(INFORMATION PROVIDED Opens)

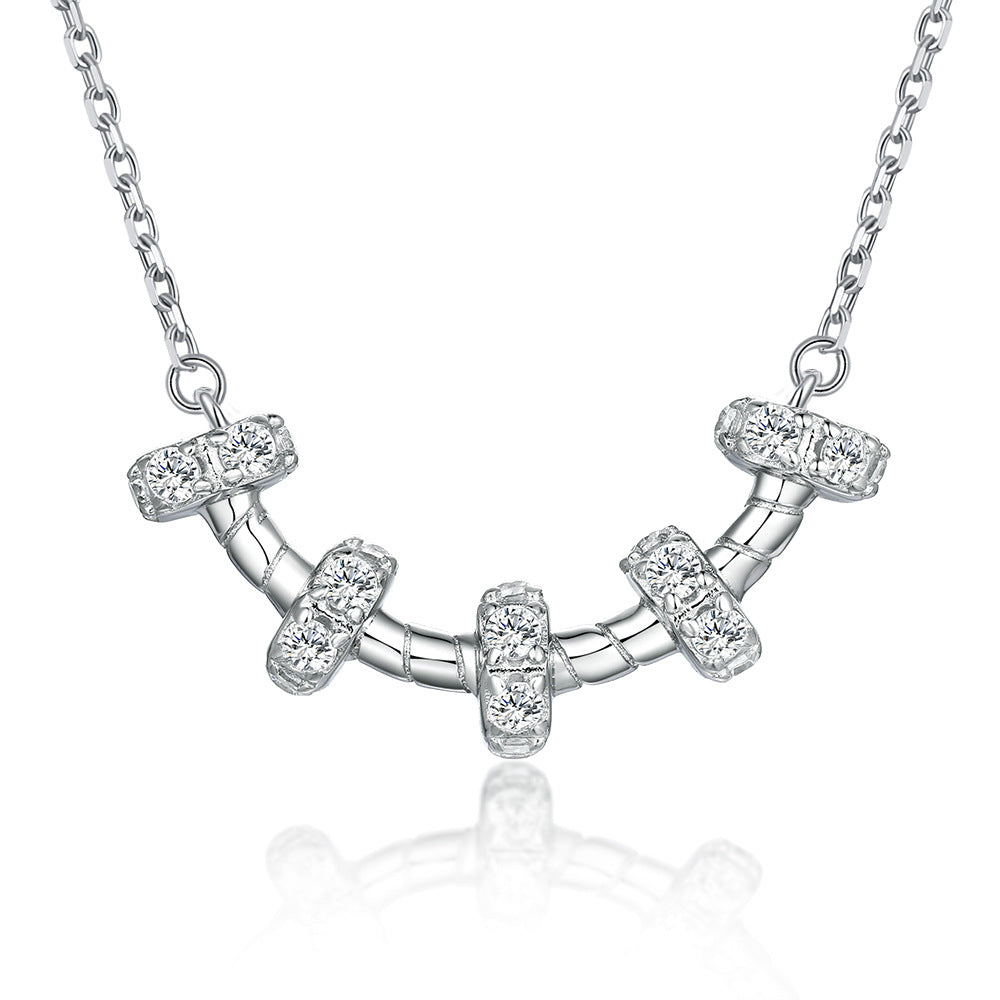 Damen Halskette mit elegantem Zirkonia-Akzent und kunstvollem Design Shop Nory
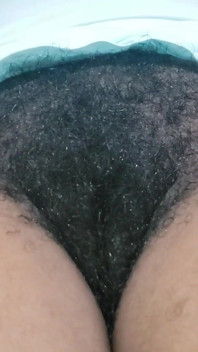 Coño peludo de cerca - cuerpo natural crudo que no sueles ver
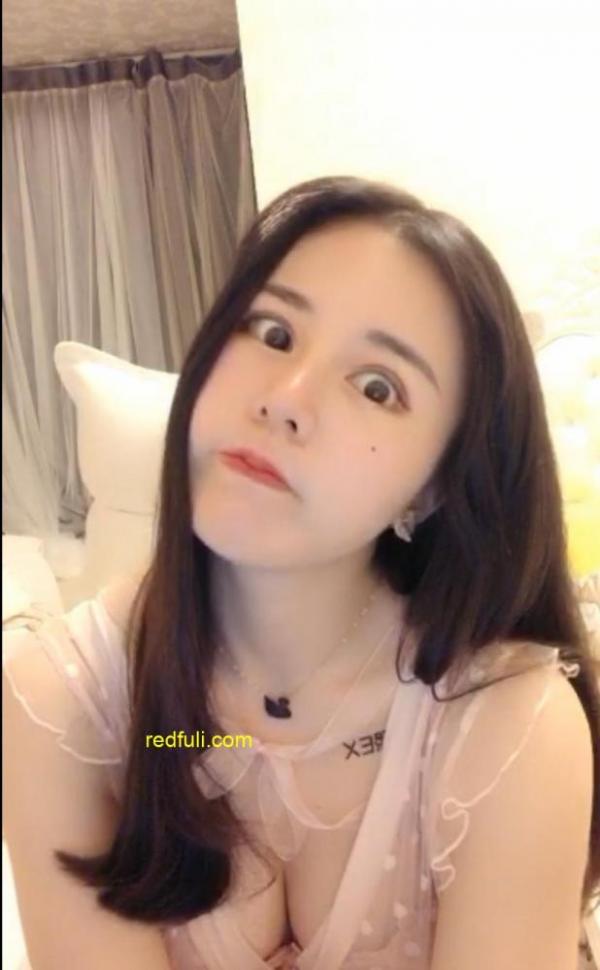 mua清纯美女主播 录像和福利2V--福利好好看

(INFORMATION PROVIDED Closes)

WORK ITEM
All of the material above is to be retyped verbatim, with its pictures omitted.

SOLUTION TO THIS PROBLEM
 Damen Halskette mit elegantem Zirkonia-Akzent und kunstvollem Design Shop Nory
 Coño peludo de cerca - cuerpo natural crudo que no sueles ver
 mua清纯美女主播 录像和福利2V--福利好好看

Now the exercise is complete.